DRM vs. Fair Use

by on February 1, 2006 · 10 comments

My ex-roomie Julian offers another example of how digital rights management technology is needlessly inconveniencing paying customers:

A politics professor at a small liberal arts college is bringing a class to D.C. in March and has asked me to talk to his students, who have been doing a seminar on protest music in American politics, about some of the ideas in this column. Naturally, I’d like to be able to illustrate what I’m talking about with some examples, short clips from songs by Metric, Rilo Kiley, Green Day, Radiohead, Mike Doughty, The Decemberists, and others. I own all the songs in question–bought them on iTunes rather than just downloading them from Limewire or Kazaa. But Apple’s DRM doesn’t want to let me extract these short clips–indubitably a fair use, and something I could obviously do legally just by cueing up the songs manually at the appropriate timecode.

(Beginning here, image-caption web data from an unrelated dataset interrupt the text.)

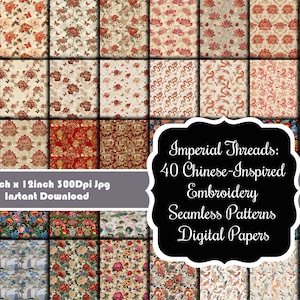 May include: A digital paper pack with 40 seamless patterns inspired by Chinese embroidery. The patterns feature red, gold, and white colors and include floral, dragon, and landscape designs. The pack includes 12-inch by 12-inch JPG files at 300 DPI.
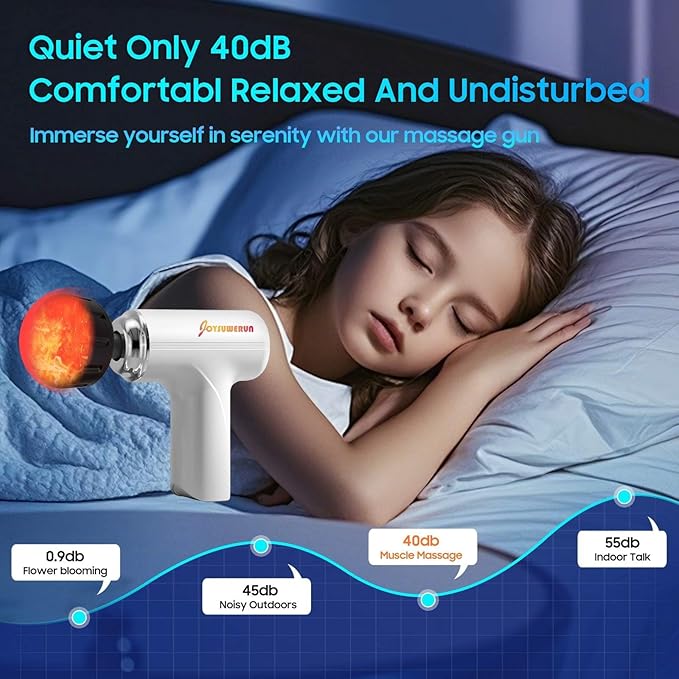 Massage Gun with Heat – Powerful Deep Tissue Massager, Handheld Mini Massage Gun for Full-Body Muscle Relief, Adjustable Speeds for Pain Relief & Recovery, Portable Muscle Massager for Home,Travel,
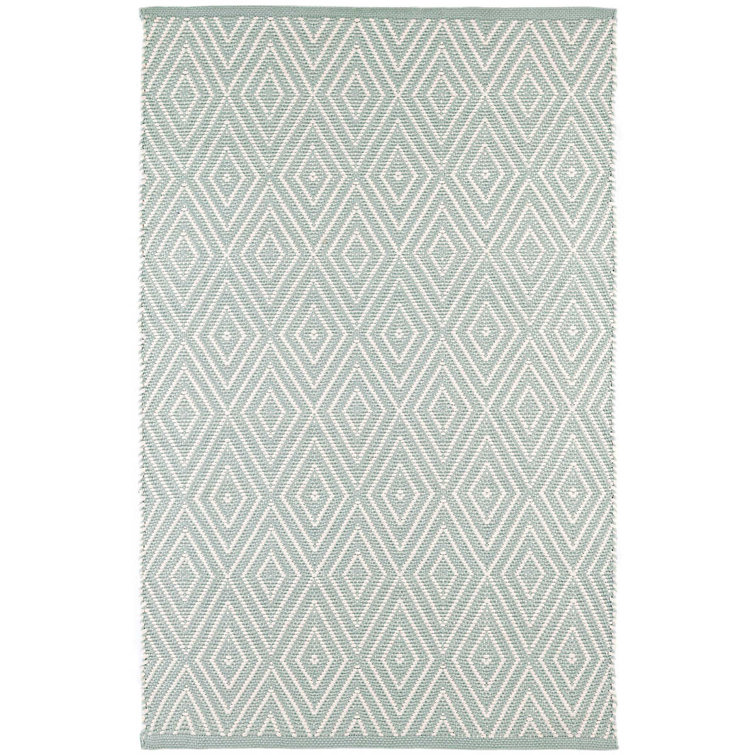 Aria Light Blue/Ivory Geometric Indoor/Outdoor Area Rug 4' x 6'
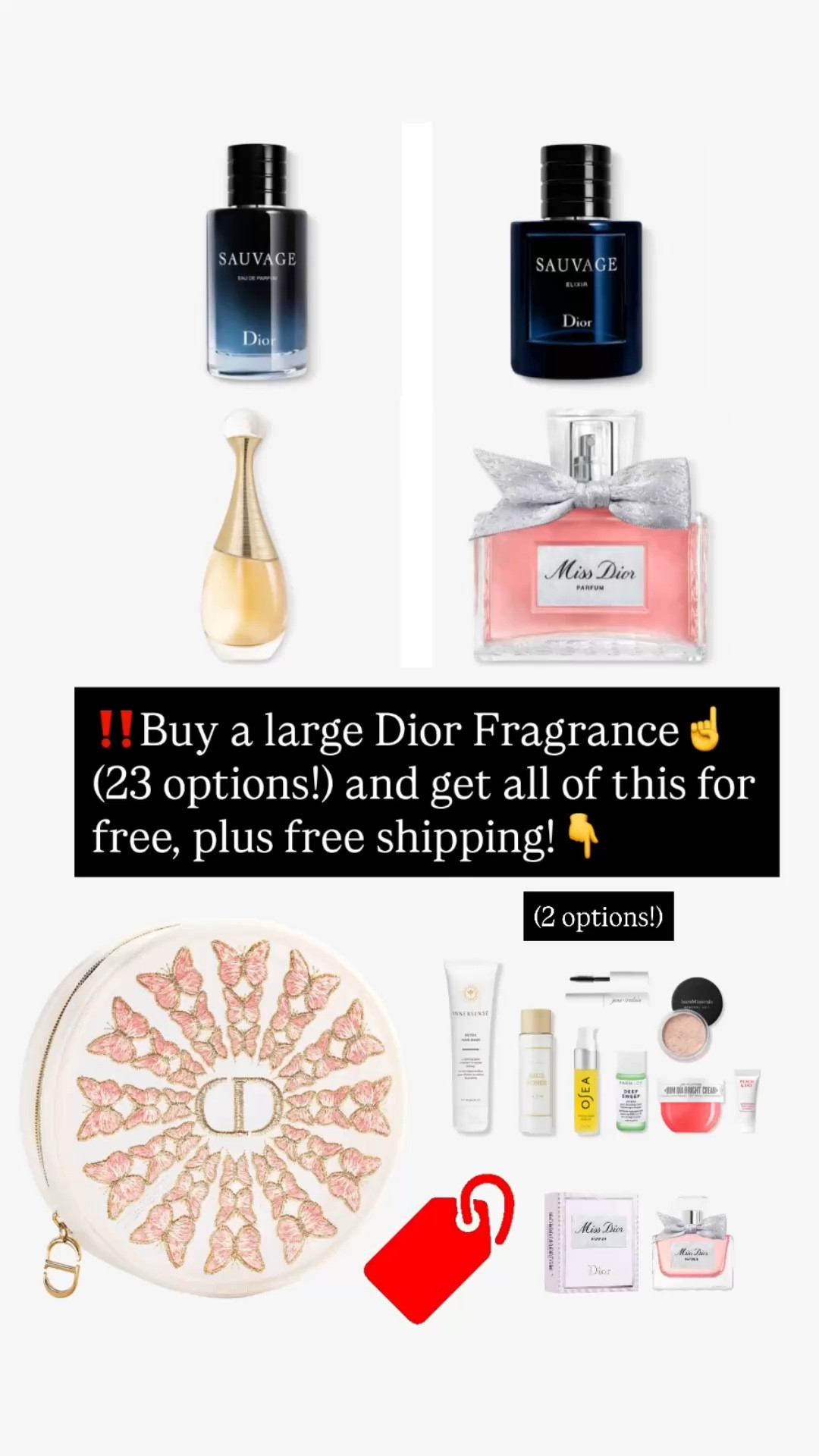 🚨Buy a large Dior Fragrance Spray and get 3 free gifts!

1) all options linked below (23 options), add one to cart then…
2) add the pouch to cart
3) add the gift set to cart (pick one of two)
4) Complimentary Miss Dior Eau de Parfum mini should automatically add to cart

#LTKSeasonal #LTKBeauty #LTKSaleAlert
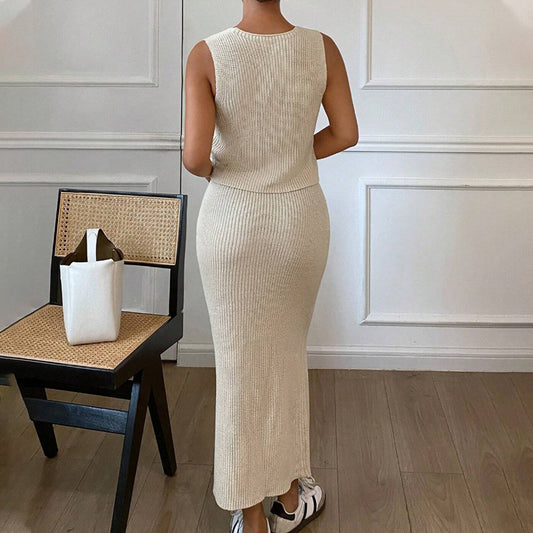 Flower Knitted Fitted Waist Dress Sleeveless Waistcoat Sweaters
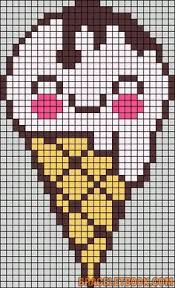 Ice Cream Kawaii Perler Pattern Kawaii Cross Stitch Perler Beads Perler Bead Art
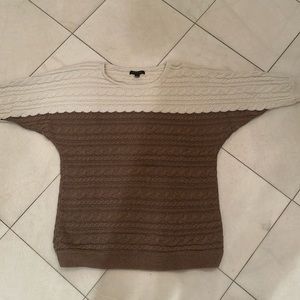 Banana Republic Two Tone Sweater, cream / Taupe, Size L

I’d be curious to know what DMCA supporters think he should do in this kind of case. Should he write a letter to each of the labels that publish these songs and ask for permission to use the exceprts? Should iTunes have a feature where you’re allowed to purchase small song clips for a nickel a piece? Or is it just possible that the most sensible way to deal with this sort of thing is to legalize DRM circumvention in circumstances where the use would otherwise be legal.